+++ Data supplied

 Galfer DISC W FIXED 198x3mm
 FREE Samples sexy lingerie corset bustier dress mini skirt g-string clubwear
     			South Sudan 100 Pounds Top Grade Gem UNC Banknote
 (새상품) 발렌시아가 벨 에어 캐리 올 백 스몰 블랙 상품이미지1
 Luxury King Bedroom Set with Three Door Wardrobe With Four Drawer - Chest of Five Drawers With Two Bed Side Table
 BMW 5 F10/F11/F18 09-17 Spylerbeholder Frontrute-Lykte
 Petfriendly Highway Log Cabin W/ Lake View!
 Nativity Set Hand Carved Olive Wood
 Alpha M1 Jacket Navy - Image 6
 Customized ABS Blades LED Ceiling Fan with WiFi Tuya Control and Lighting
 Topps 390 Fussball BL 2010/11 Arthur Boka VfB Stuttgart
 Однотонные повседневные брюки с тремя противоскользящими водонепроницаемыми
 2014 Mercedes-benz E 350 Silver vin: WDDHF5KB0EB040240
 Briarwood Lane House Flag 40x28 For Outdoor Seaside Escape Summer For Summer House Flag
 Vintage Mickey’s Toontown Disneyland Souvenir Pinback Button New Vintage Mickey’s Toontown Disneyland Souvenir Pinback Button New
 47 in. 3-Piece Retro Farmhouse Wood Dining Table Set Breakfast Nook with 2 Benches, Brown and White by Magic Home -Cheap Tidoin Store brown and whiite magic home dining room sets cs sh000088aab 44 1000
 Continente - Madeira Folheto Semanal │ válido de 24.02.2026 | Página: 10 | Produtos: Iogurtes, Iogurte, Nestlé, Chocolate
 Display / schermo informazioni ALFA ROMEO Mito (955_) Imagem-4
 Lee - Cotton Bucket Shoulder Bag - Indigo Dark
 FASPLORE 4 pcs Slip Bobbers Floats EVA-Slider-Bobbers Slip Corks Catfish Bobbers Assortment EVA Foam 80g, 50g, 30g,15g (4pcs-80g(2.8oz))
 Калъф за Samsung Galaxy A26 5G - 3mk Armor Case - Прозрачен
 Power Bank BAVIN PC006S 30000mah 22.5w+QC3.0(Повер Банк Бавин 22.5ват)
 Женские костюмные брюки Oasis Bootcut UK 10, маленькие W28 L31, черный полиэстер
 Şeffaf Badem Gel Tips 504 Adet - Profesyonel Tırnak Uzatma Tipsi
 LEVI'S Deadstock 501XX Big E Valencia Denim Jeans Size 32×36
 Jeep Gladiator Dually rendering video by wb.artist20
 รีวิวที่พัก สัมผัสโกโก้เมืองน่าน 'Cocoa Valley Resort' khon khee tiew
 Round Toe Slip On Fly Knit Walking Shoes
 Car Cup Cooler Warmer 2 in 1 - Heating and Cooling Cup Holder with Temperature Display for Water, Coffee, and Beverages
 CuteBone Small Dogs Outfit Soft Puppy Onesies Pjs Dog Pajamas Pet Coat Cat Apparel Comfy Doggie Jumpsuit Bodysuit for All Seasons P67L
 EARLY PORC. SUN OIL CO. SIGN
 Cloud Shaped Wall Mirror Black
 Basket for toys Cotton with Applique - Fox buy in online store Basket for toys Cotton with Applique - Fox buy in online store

++++++

## What is expected:
Make a copy of each line in the records that has the word "Table".

## Output of the task:
 Luxury King Bedroom Set with Three Door Wardrobe With Four Drawer - Chest of Five Drawers With Two Bed Side Table
 47 in. 3-Piece Retro Farmhouse Wood Dining Table Set Breakfast Nook with 2 Benches, Brown and White by Magic Home -Cheap Tidoin Store brown and whiite magic home dining room sets cs sh000088aab 44 1000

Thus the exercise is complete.